Nour was born at Shendi – near the ancient capital of Meroe, in 1936.

The sculpture GRAZING AT SHENDI executed in 1969, resonates with his childhood experiences and modernist sculptural ideas.

Nour recalled: “On the other side of the river was an empty horizon—sand and desert. You get overwhelmed by the space. And it’s a scary type of feeling too because there’s nothing there to enhance your mind. So you go back into yourself and think of your physical existence.”

Nour eschewed a formula for the arrangement of forms, preferring that their random placement may reflect the arrangement of grazing herds.

The ordinary, semicircular forms in metal suggest the minimalist sculpture of the late 1960s, when this work was conceived but in contrast to the minimalists, who renounced cultural associations in their work, Nour deftly utilises his forms to transmit experience, meaning and memory; the sculpture transcends the limits of formalism and minimalism.

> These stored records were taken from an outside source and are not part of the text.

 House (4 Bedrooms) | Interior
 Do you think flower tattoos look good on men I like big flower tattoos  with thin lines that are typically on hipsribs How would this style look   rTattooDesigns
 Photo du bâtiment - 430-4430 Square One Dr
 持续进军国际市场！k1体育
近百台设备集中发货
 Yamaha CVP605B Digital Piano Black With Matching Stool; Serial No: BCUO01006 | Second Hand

GRACE: Amir Nour, 2016, Fibre glass; 225.6 x 178 x 300 cm. Commissioned by Sharjah Art Foundation; Installation view, Bait Al Serkal, Arts Area. Image courtesy of Sharjah Art Foundation

In 1957 Nour received a diploma from the Khartoum School of Fine and Applied Art where he later taught from 1958-59 and 1963-65.

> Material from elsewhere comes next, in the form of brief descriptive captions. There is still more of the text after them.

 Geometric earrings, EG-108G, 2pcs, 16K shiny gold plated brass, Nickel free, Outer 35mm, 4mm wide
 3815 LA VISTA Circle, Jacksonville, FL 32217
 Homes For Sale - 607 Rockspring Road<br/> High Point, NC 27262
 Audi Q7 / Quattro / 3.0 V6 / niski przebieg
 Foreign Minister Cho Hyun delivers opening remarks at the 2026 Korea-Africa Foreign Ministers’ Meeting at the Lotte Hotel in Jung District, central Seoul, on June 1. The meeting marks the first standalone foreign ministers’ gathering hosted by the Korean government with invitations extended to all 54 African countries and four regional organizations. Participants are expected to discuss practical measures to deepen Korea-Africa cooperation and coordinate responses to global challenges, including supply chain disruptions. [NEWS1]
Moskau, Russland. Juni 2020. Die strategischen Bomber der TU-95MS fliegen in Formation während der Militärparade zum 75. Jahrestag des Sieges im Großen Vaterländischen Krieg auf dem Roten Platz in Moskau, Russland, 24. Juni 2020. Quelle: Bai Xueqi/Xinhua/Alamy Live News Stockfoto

He graduated from the Slade School of Fine Art, University of London, U.K. and followed with a postgraduate course in sculpture at the Royal College of Art, London.

A Rockefeller Fellowship brought him to the United States in 1967, where he obtained a BFA and MFA from Yale University.

Nour passed on earlier this month in Chicago where he had lived and taught for several decades.